RecA family protein mediated homologous recombination

RecA-family proteins play vital roles in DNA repair and sexual reproduction.  By combining single molecule force experiments, MD simulations, analytical modeling, and bulk experiment the Prentiss group has greatly enhanced understanding of the structure/function relationships during homologous recombination.   In RecA mediated homologous recombination, the binding of RecA to a  single stranded DNA (ssDNA) forms an ssDNA-RecA filament that searches double stranded DNA ( dsDNA  ) for a sequence region that corresponds to the sequence of the ssDNA in the ssDNA-RecA filament.   Using single molecule force experiments, the Prentiss group showed that homology recognition can be disabled by pulling on the ends of the dsDNA. They also did analytical modeling suggesting that the stress on dsDNA bound to RecA could limit the number of bp that could be probed during the initial homology search and could drive strand exchange forward.
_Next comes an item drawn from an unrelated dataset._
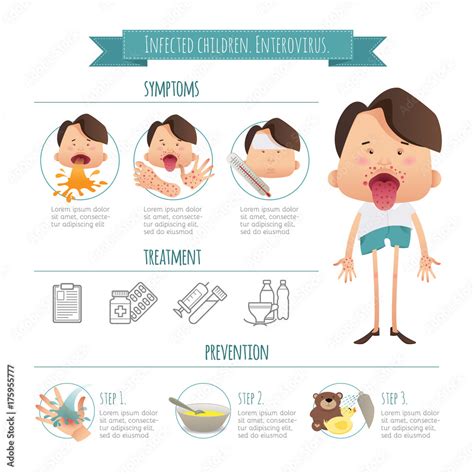 Infected children. Enterovirus. Hand-foot-mouth disease Infographics ...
A combination of bulk experiments, molecular modeling, and analytical modeling revealed the early steps in strand exchange and showed that the initial homology test considers 8 bp and accepts one mismatch.

A summary of the results is available at



Experimental work by the Greene group at Columbia, and the Haber group at Brandeis demonstrated that homology recognition in yeast also begins with an 8 bp test that accepts one mismatch.

Originally, people believed that since RecA is an ATPase, ATP hydrolysis must be required for homology recognition; however, pioneering work showed that homology recognition can occur without ATP hydrolysis.  The Prentiss group showed that though homology recognition of 20 bp sequences can proceed without ATP hydrolysis,  ATP hydrolysis is required to provide homology recognition for sequences longer than ~30 bp.  Furthermore, collaboration with the Prevost group provided structural insight into the ATP hydrolysis induced instability that provides homology recognition for sequences longer than 30 bp.

Surface view of two turns of RecA filaments
Surface view of two turns of RecA filaments built on a DNA single-strand with (A) a regular ATP-binding geometry and (B) a distorted geometry obtained when replacing the central interface by an ADP-binding geometry, with a second (blue) and third (cyan) strand of DNA added.


To complete dsDNA repair, if the RecBCD pathway is followed RecA-mediated homologous recombination must be followed by DNA synthesis by a DNA polymerase.